Semler gibt zu, dass über die Demütigungen, denen viele Intellektuelle in China damals ausgesetzt wurden und die massiven Menschenrechtsverletzungen viele linke Studenten in Westdeutschland durchaus informiert waren. "Dies wurden als Begleiterscheinung des Klassenkampfs" angesehen und nicht weiter kritisiert."

Erst als mit dem Tod von Mao 1976 die Verbrechen der Viererbande auch in China offiziell enthüllt wurden, habe auch hierzulande die Linke begonnen, den Maoismus zu hinterfragen. Zunächst seien nach dem Sturz der Viererbande zwar nur wenige Mitglieder ausgetreten, berichtet Semler. "Aber der Zustand der Begeisterung war dahin".

Podiumsdiskussion im taz-Café am Donnerstag. Bild: felix lee

Heute sieht Semler die Kulturrevolution als ein "zwiespältiges Phänomen": Einerseits die Morde und die Verfolgung von Millionen Menschen, andererseits den anfänglichen revolutionären Schwung vieler Jugendlicher, deren Enthusiasmus später so grausam enttäuscht wurden. Für Semler und viele andere Linksradikale rückte ab 1980 die

Menschenrechtsfrage in den Mittelpunkt des politischen Denkens. Sie solidarisierten sich mit den demokratischen Oppositionsbewegungen in Osteuropa als "eine Art praktischer Selbstkritik".

Von diesen Solidaritätsbekundungen der westdeutschen Linken hatten nur wenig spürbaren Einfluss auf die politischen Entwicklungen in Ostdeutschland. Im Gegensatz zu den osteuropäischen Nachbarländern kam es bis zum Frühsommer 1989 nicht zu den entsprechenden Protesten in der DDR. Als im Frühjahr 1989 die Studenten in Peking auf die Straße gingen, hätten sich in Ostdeutschland die meisten Menschen "beschämt" gefühlt. "Obwohl es überall Proteste und Reformbewegungen gab, blieb Ostdeutschland eine Wüste, wo die Bevölkerung schwieg", erinnert sich Halbrock.
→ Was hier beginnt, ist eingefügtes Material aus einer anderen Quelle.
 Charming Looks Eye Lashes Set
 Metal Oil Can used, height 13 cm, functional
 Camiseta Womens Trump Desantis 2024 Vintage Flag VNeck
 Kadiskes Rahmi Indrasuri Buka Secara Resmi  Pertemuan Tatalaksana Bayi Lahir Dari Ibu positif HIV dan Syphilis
Zugleich entbrannte unter den Bürgerrechtlern ein Streit über die Reformfähigkeit des Sozialismus, den der sojwetische Staatschef Michail Gorbatschow beschwor. Denn anders als etwa in Polen und Ungarn sei für die DDR-Führung klar gewesen: Eine Reform war immer verbunden mit der Auflösung der DDR.

Der demonstrative Schulterschluss der SED-Führung mit der Kommunistischen Partei nach der Niederschlagung der Proteste in China sei für die ostdeutsche Bürgerrechtsbewegung ein Schock gewesen, berichtet Halbrock. Bis zum Mauerfall am 9. November befürchteten sie die "chinesische Lösung". Deswegen sei die ostdeutsche Protestbewegung bis zum Schluss darauf bedacht gewesen, es zu keiner Gewalt auf den dann doch anschwellenden Demonstrationen kommen zu lassen. "Jeder wusste, dass die SED-Führung auf diesen Anlass nur wartete", so Halbrock.

Die "chinesische Lösung" blieb den Ostdeutschen erspart. Nicht zuletzt deswegen gebe es hierzulande heute das Bemühen, beim Aufbau einer chinesischen Zivilgesellschaft in China beizutragen. Nora Sausmikat vom EU-China Civil Society Forum weist auf einen grundlegenden Denkfehler hin, den es bei vielen Initiativen jedoch dabei gebe. Mehr als 380.000 Nichtregierungsorganisationen seien in China inzwischen offiziell registriert, von denen viele den Namen gar nicht verdienten, weil sie zum Teil doch staatlich angebunden sind.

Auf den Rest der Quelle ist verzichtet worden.